By utilizing the Setpoint mode, the system ensures that critical energy devices can operate at their full capacity without compromising the overall power supply. This mode guarantees the delivery of the required power unless it conflicts with higher-priority devices. It allows for efficient and reliable energy management, preventing potential disruptions while optimizing energy usage.

For example, consider a DC charger that needs to consistently deliver 100 kW, unless the energy meter at the installation's main connection indicates that the maximum power draw would be exceeded. In this scenario, the DC charger is assigned priority 2, while the energy meter is assigned priority 1.

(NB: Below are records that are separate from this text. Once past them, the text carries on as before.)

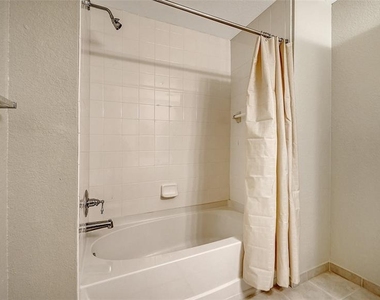 1064 N Tamiami Trail - Photo Thumbnail 25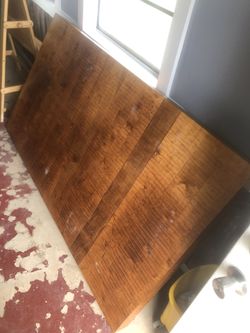 Kitchen Table And 6 Leather Chairs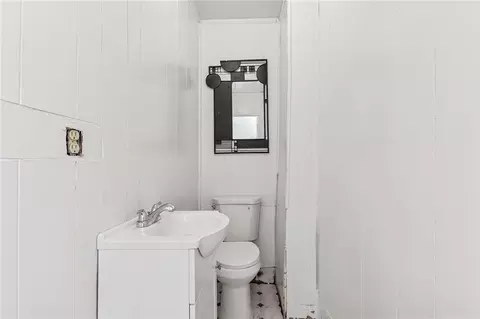 Bath - 421 Cherry St, Amite, LA 70422 photo 4 of 4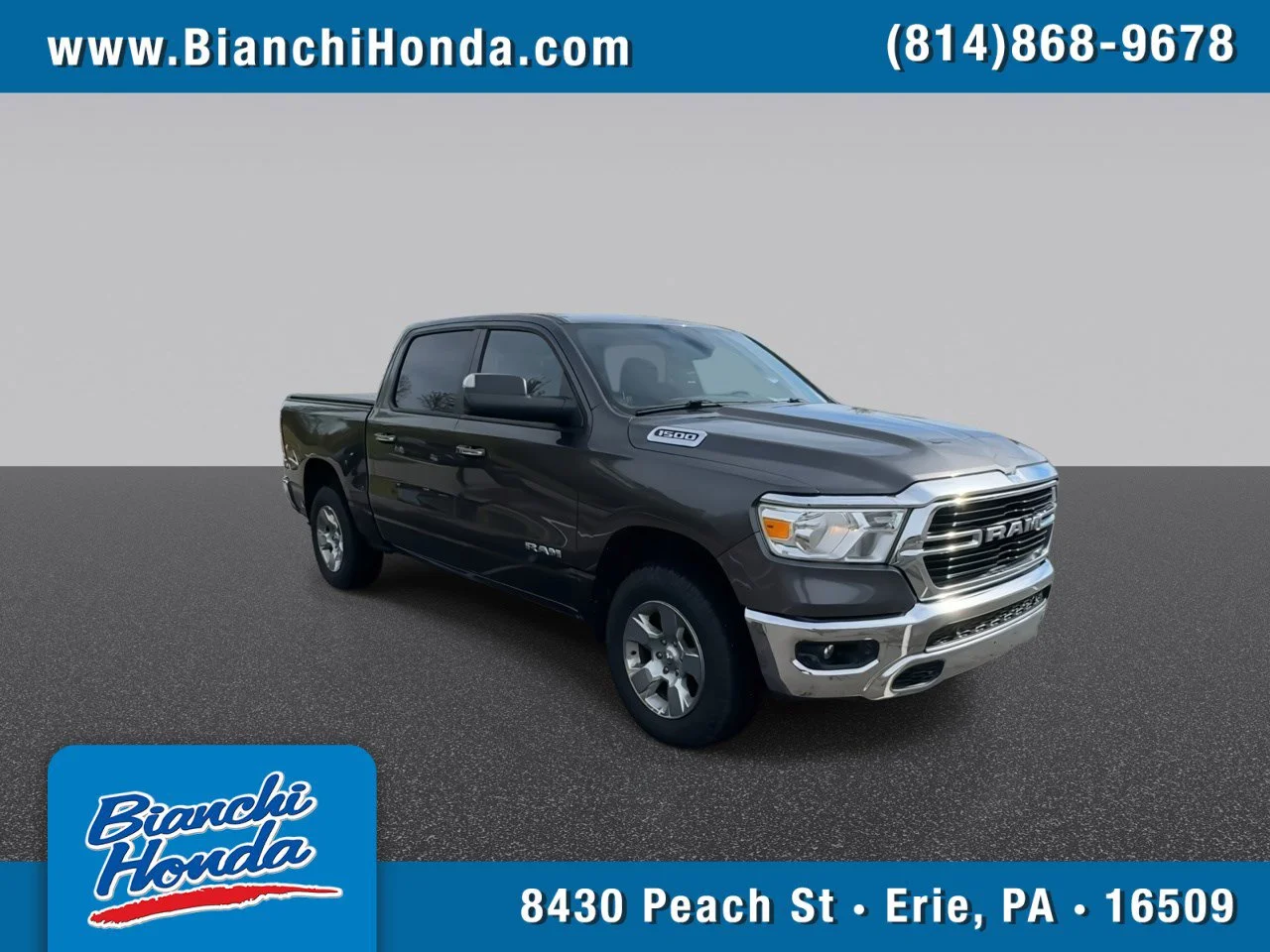 2019 RAM 1500 Big Horn/Lone Star 4x4 Crew Cab 5'7's photo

Optimization of energy costs

The "Energy Cost Optimization" mode takes into account the energy market relevant to the customer. It analyzes periods of low and high energy costs, and based on this information, adjusts energy technologies and their consumption or production accordingly. This mode may restrict production, store energy, or increase/decrease consumption, depending on the time intervals identified as economically favorable. The goal is to make the most cost-effective decisions.

1. Storage

Several factors are considered when determining the optimal strategy. These include battery charging cycles, compressor start and stop schedules, and the feed-in tariff for solar energy. At certain times, energy prices may even become negative, and the smart grid controller takes advantage of such situations.

The optimization algorithm looks for the most optimal path of the amount of stored energy over time to optimize cost. You may see the following things happen:

General behavior:

• Most optimal charge moment: The most optimal moment for the battery to charge generally is when there is excess PV generation available at the moment of the day when the sell price of energy is the lowest. This tends to be in the afternoon.
• Most optimal discharge moment: The most optimal moment for the battery to discharge generally is when there is energy consumption at the moment of the day when the buy price of energy is the highest. This tends to be at night.
• Amount of charge: The battery will only charge as much energy as the algorithm estimates that is needed or could give a financial benefit when discharging later for selling to the grid.

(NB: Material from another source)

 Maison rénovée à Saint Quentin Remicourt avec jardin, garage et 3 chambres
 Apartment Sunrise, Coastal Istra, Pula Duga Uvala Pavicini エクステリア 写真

Other moments of discharging:

• If there is more energy available in the battery than required by the consumption and the energy was charged at a price low enough compared to the current energy price to overcome the degradation cost of the battery, then the battery may discharge to sell energy to the grid at a profit. This corresponds for example to selling excess PV energy at a later moment, when energy prices are higher.

Other moments of charging:

• If there is no excess PV energy available and energy prices are very low, then the battery may charge.

2. Variable power loads (EVs, ...)

The charging will happen at the moments that the energy prices are the lowest.

3. PV Production

PV production will be reduced to not have export to the grid at moments that prices are negative.

Optimization of self consumption

With this control mode, the controller will try to match the consumption as good as possible with the the local production. A different approach is used based on the type of device, in the order given below.

1. Fixed power devices (heat pumps, ...)

For these devices, the controller will estimate how much time the device needs to be on to fullfill its energy needs. The device is scheduled to switch on (or be given a smart grid control signal) at the moment when there is enough excess energy available during a long enough time period.

2. Variable power loads (EVs, ...)

In the case of variable power loads, the controller will distribute the available excess energy over all the variable power loads as evenly as possible using the "democratic charging" algorithm. If all the available excess energy has been allocated already and not all EVs have their energy demand completely met, the remaining required energy will be scheduled to take place immediately at the maximum current possible.

3. Storage

Any remaining energy will be stored for later use. Later when there is not enough production available to supply all loads, the storage will discharge first to supply to these loads.

Feed-in restriction

The feed-in restriction mode only applies to PV production. With this mode, the PV production will be reduced so that there is no net export to the grid (feed in restrictions). This mode is always applied after all other modes, to make as best use as possible of available PV production.

Peak shaving only

With this mode, the controller will try to reduce peaks as much as possible. A different approach is used based on the type of device, in the order given below.

1. Storage

Storage will discharge at the highest import powers and charge at the highest export powers, to smooth out the peaks as much as possible.

2. Variable power loads (EVs, ...)

In this mode the controller will distribute the available grid capacity over all the variable power loads as evenly as possible, using the "democratic charging" algorithm.

External signal

It is possible to add an external signal to variably change the used control mode. Please contact Eniris for more possible integrations.

Uncontrolled

This disables the control of the device in question.